Introduction to External Tables

Function Overview: External tables are a feature of Lakehouse that allows you to query data stored in external systems as if the data were stored inside the Lakehouse. This external data is not stored or managed within the Lakehouse.

Performance Tip: Since the data in external tables is stored outside the Lakehouse, querying external tables may be slightly slower than querying tables stored locally. To improve query efficiency, it is recommended to use the INSERT INTO internal_table_name SELECT * FROM external_table_name statement or the COPY INTO command to import data into the Lakehouse.

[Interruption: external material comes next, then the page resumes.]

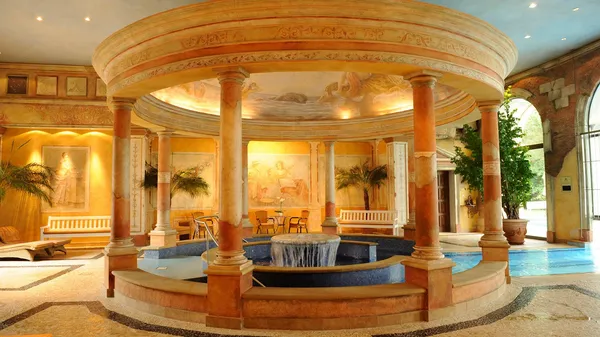Europa Park Hotel Colosseo
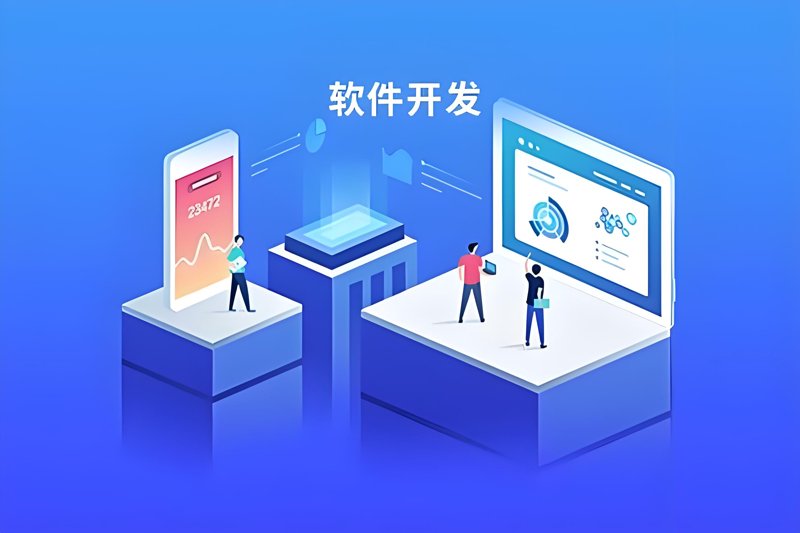 小程序开发：移动应用新风向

Supported External Table Data Sources

  • kafka external table
  • delta lake external table
  • hudi external table

Differences Between External Tables and External Schema

  • External Schema: Directly interacts with the Hive Metastore Service (HMS) and directly obtains Hive metadata information through the HMS interface.
  • External Tables: Allow users to create tables by specifying column contents and table names.
  • External Schema Limitations: Since it directly maps to HMS, it is not possible to directly create, delete, or rename tables under an External Schema.
  • Advantages of External Tables: Support operations such as renaming and modifying comments because they are created under an internal schema.

Specific Cases

Connecting to Alibaba Cloud Oss

--Create connection for connecting to object storage
CREATE STORAGE CONNECTION  oss_delta
    TYPE oss
    ENDPOINT = 'oss-cn-hangzhou-internal.aliyuncs.com'
    access_id = 'xxxxxx'
    access_key = 'xxxxxx'
    comments = 'delta'
    ;
--Use the above connection information to create an external table
CREATE    EXTERNAL TABLE pepole_delta (id int, name string,dt string) 
USING DELTA 
CONNECTION oss_delta 
PARTITIONED BY (dt ) 
LOCATION 'oss://bucketmy/delta-format/uploaddelta/' 
COMMENT 'edelta-external';

Connect to Google Gcs

When Lakehouse connects to Google Cloud Storage (GCS), it uses a service account key for authentication. Please follow the steps below:

  1. Obtain the service account key:

    1. Log in to the Google Cloud Console.
    2. Follow the instructions in the Google Cloud documentation to create and download the JSON key file for the service account.
  2. Configure the `` parameter:

    1. Open the downloaded JSON key file and copy the entire content of the private key.
  3. Note:

    1. When configuring the private_key, add an 'r' to private_key to indicate that escape characters will not be escaped.
-- Create connection for connecting to object storage
CREATE STORAGE CONNECTION  oss_delta
    TYPE gcs
    private_key=r'{
  "type": "service_account",
  "project_id": "PROJECT_ID",
  "private_key_id": "KEY_ID",
  "private_key": "-----BEGIN PRIVATE KEY-----\nPRIVATE_KEY\n-----END PRIVATE KEY-----\n",
  "client_email": "SERVICE_ACCOUNT_EMAIL",
  "client_id": "CLIENT_ID",
  "auth_uri": "https://accounts.google.com/o/oauth2/auth",
  "token_uri": "https://accounts.google.com/o/oauth2/token",
  "auth_provider_x509_cert_url": "https://www.googleapis.com/oauth2/v1/certs",
  "client_x509_cert_url": "https://www.googleapis.com/robot/v1/metadata/x509/SERVICE_ACCOUNT_EMAIL"
}';
-- Use the above connection information to create an external table
CREATE    EXTERNAL TABLE pepole_delta (id int, name string,dt string) 
USING DELTA 
CONNECTION oss_delta 
PARTITIONED BY (dt ) 
LOCATION 'gs://bucketmy/delta-format/uploaddelta/' 
COMMENT 'edelta-external';

External Table Billing

  • Storage Fees: External tables do not incur storage fees because the data is not stored in the Lakehouse.
  • Compute Fees: Using external tables for computation will consume compute resources, thus incurring compute fees.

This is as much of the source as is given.